The young company had outgrown their existing premises at Centro 3 and decided to lease additional office spaces in the adjacent Centro 4 building which are both part of the larger Centro buildings business complex on Mandela Street in Camden.
Forward’s aim was to connect the two premises and create a large office spread over two floors which would not only offer ample office space for the rapidly growing businesses but also house additional social functions like a presentation space, music and games rooms, a canteen, additional meeting spaces, cafe and a new, more representative reception.
Furthermore Forward sensed that their existing offices didn’t really reflect the prevailing culture of the company which at heart still feels like a young start-up.
They turned to Jump Studios for help and asked them to come up with ideas that could imbue the new spaces with creative energy and the ‘Forward spirit’ - young, playful, intelligent, unconventional and obsessed with the newest technologies and innovations.
Analysing the specific conditions of the site Jump Studios found a series of large, linearly connected but separate spaces in a former warehouse.
Rather than trying to unify those spaces through one spacial concept they quickly decided to treat each room differently and create a series of different scenarios which would set the mood individually for each area.
Taking references from fairy tales such as Alice in Wonderland or computer games like Super Mario the spaces are animated by several interventions which play with notions of scale and introduce surreal moments in the otherwise very functional office environment.
The reception area was moved from the first to the second floor to improve the internal circulation of the building.
Visitors and staff exit a lift into an almost completely red area which feels like a stage set placed in the existing office.
A plush carpet and deeply red wooden wall panels provide a strong contrast to the surrounding open plan office which is visible from the reception. Located adjacent to one side of the reception is a small cafe which acts as both holding area for visitors and informal meeting and break out space for staff.
A linear red carpet walkway leads visitors out of reception through the first office space to a black oversized key hole. Slipping through the key hole one arrives in the new office extension.

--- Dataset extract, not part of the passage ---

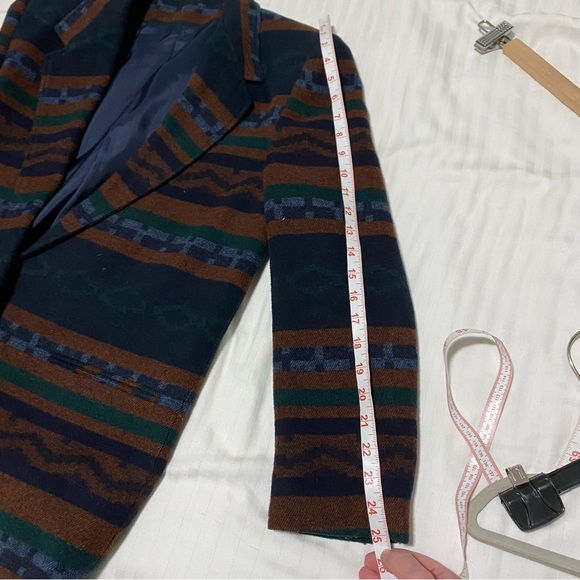 Vintage Cleo Oversized Southwestern Wool Blend Blazer Navy Blue/Brown size M/L - Picture 13 of 13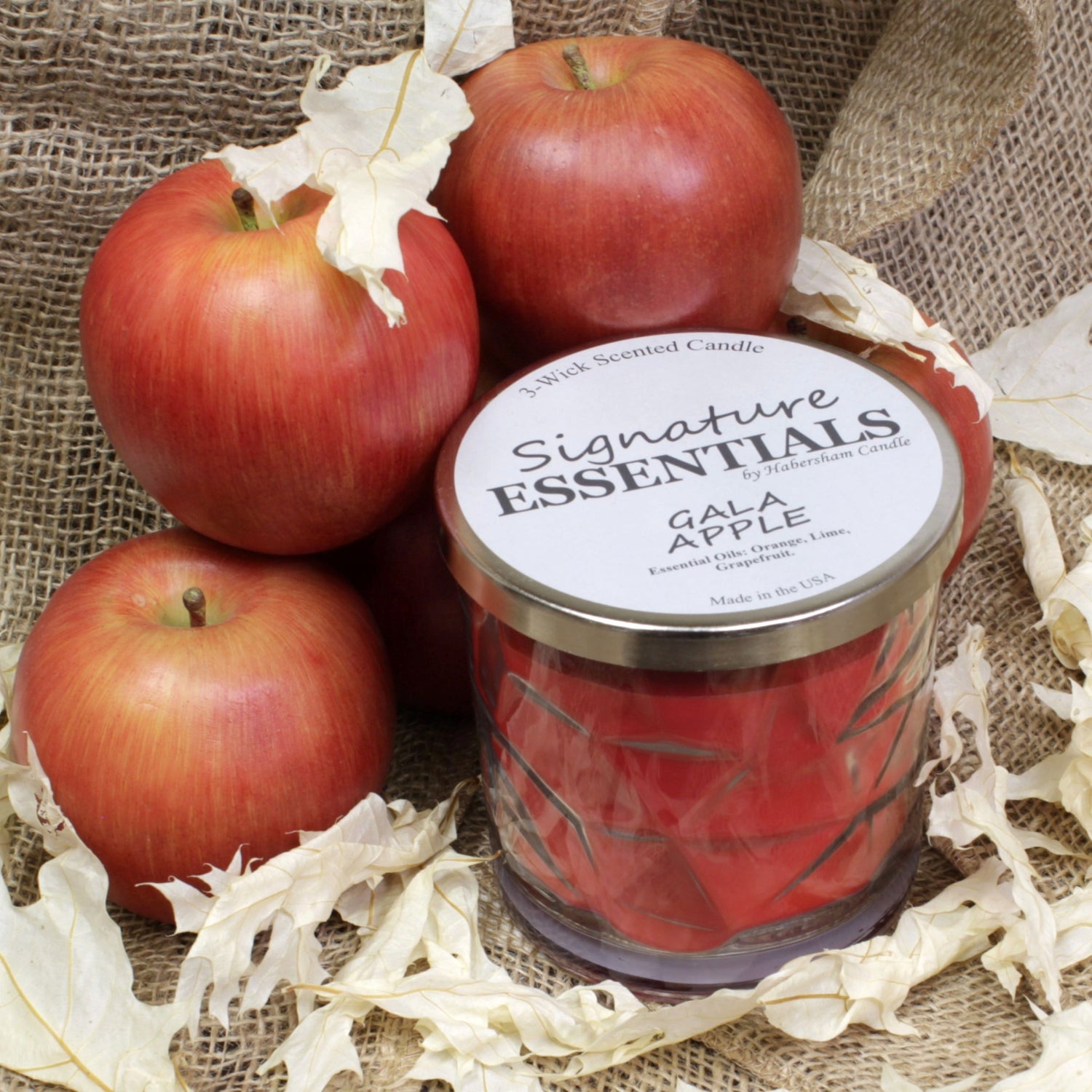 Gala Apple 3 Wick Clear Glass Scented Candle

The first thing you notice here is a gigantic white staircase with a deep red carpet on its steps. On closer inspection the steps reveal themselves to be upholstered seating pads. The open space in front of the staircase is used for larger presentations with the staircase offering seating for audiences of up to 30 people.

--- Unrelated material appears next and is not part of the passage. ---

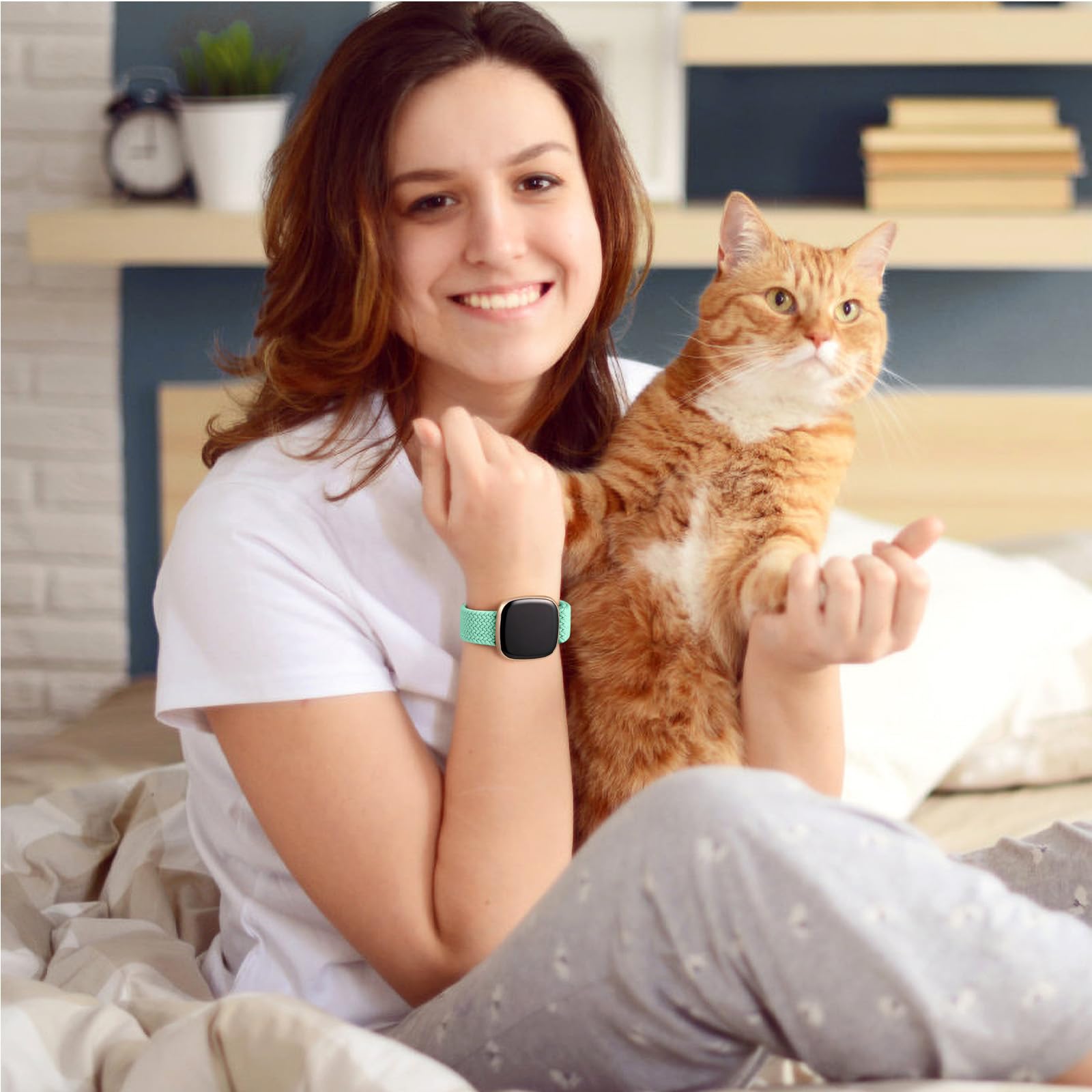 Maledan Clean Bands Compatible For Fitbit Sense/Sense 2 Bands Women Men, Adjustable Stretchy Solo Loop Elastic Nylon Sport Strap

On a daily basis staff use the stairs as break out or meeting space or to watch their colleagues playing ping pong in front of them.

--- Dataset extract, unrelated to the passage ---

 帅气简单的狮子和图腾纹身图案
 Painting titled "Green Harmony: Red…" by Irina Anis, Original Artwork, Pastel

Next to the staircase a floor length, purple velvet curtain curves around a cluster of social rooms behind: sound booth, billiard parlour and computer games room cater for the staffs entertainment during breaks and after hours.
When the curtain is opened up the additional meeting and break out room directly behind is delineated from the rest of the open space through a chequer board floor which contrast with the traditional grey wood panels on its walls.
The rest of the open space behind the cluster of social rooms is occupied by the canteen. Bar and serveries are all clad in purple-grey wood panels which again feel like staged elements in the otherwise industrial warehouse space. Some of the panels are hinged and conceal secret cabinets for food and drinks.
The canteen is open to all staff all day round. At night it turns into a bar for after work drinks and office parties.
An inconspicuous door next to the bar leads into yet another area.
It’s an open plan office occupied by one of the core departments of the whole business.
The main feature of this space is a 12 m long work counter running from the entrance of the space to the exit across the room. The function of this counter is to offer additional hot desking space for up to 10 people on the one hand and shield the open plan office work stations from the adjacent circulation space and enclosed offices and meeting rooms on the other side of the room.
The 12 m long counter is pierced by three grey, stone-like plinths which separate it into two smaller sections and reference traditional outdoor public squares. The two plinths flanking the ends of the desk are crowned by artificial topiary in the same matt, mid-grey stone colour while the central plinth carries a gigantic lobster.
The lobster provides another surreal moment in the office designed as a slightly strange beacon and iconic meeting point in the office landscape. The colour scheme of the whole installation has a comic like feel to it and is a nod to young up and coming artist Murray O’Grady.
The fully glazed offices and meeting rooms behind the plinths carry cartoon like graphic images of a traditional Parisian facade and trees in a park to complete the urban scenery.
Two more meeting rooms in the other two corners of the space have been customized with graphics by graphic artist Luke Embden especially designed for Forward featuring a pattern of hearts for the HR room and a black and white text based graphic for the third meeting room in this area.
The end of this enfilade of rooms marks a smaller uncluttered workspace for up to 12 people. This is where the developers live, they form the core and brain of the company, their space being a kind of commando centre with neutral grey block striped carpets, torch pendant lights, industrial lockers and blackened ceiling.
A small purple sofa provides the only splash of colour here. It offers a cosy place of respite for a chat or to meditate on the streams of data displayed on a matrix of screens on the wall which refer back to the very nature of the work that’s being done here.